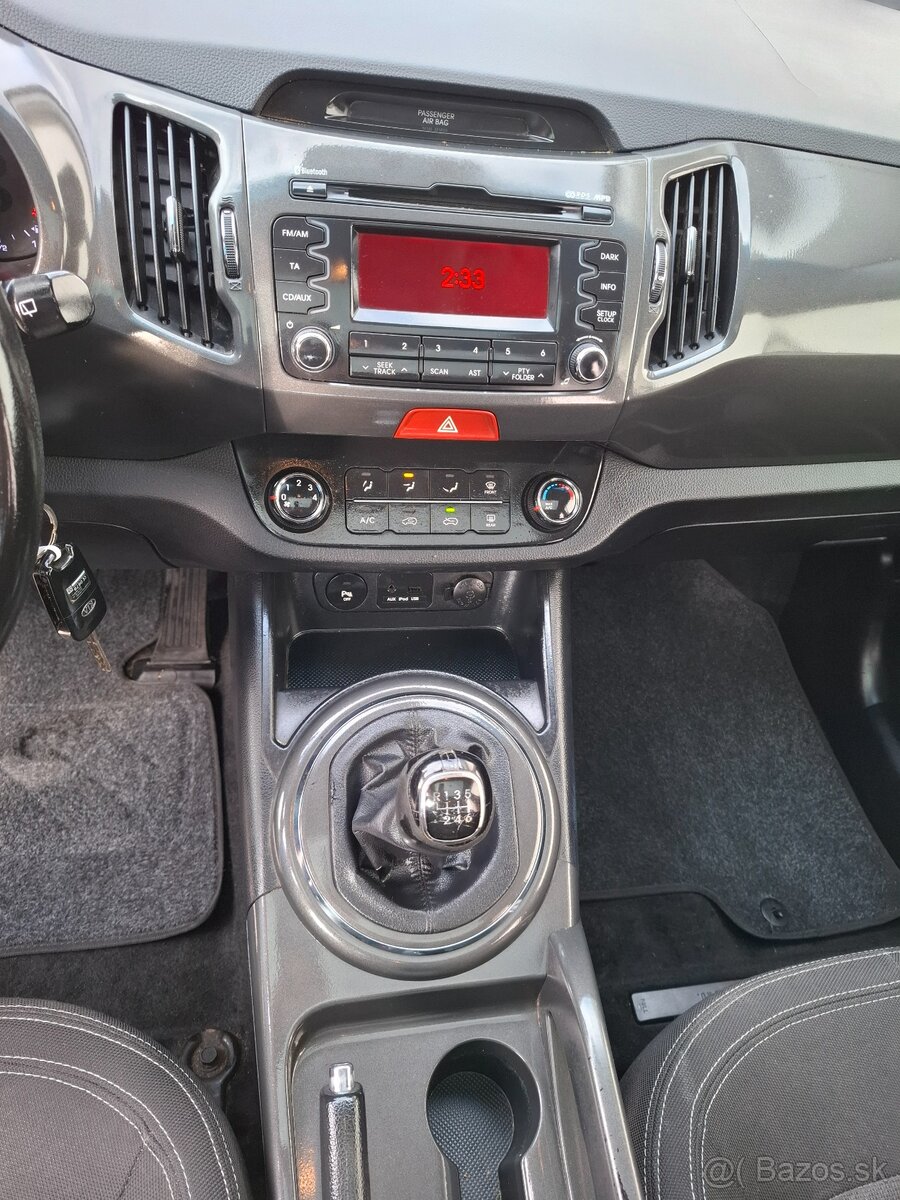 Kia sportage 1,6gdi benzin - 10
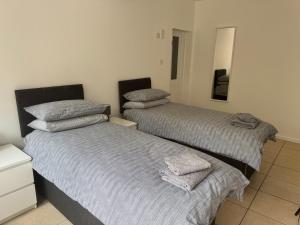 two beds sitting next to each other in a bedroom at New Crown Inn Bath in Bath
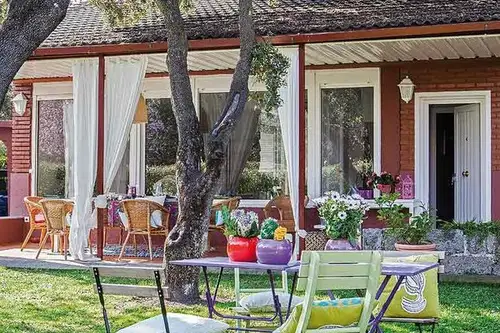 Casa paradisiaca inconjurata de gradini cu aspect salbatic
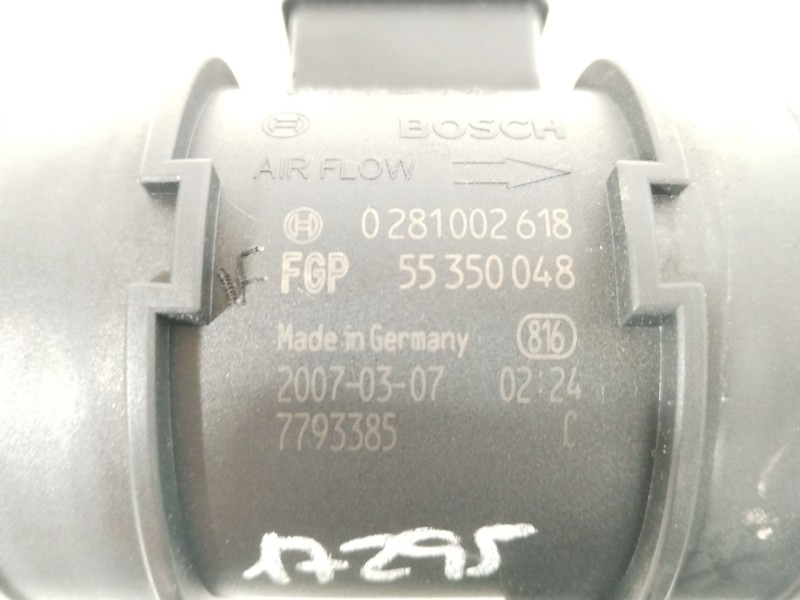 Recambio de caudalimetro para chevrolet captiva (c100, c140) 2.0 d referencia OEM IAM 55350048 7793385 0281002618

Work to complete: The copy runs from the line containing "Casa paradisiaca inconjurata" through the last line of the material, both ends included. Reproduce those lines exactly and drop the pictures.

Exercise solution:
 Casa paradisiaca inconjurata de gradini cu aspect salbatic
 Recambio de caudalimetro para chevrolet captiva (c100, c140) 2.0 d referencia OEM IAM 55350048 7793385 0281002618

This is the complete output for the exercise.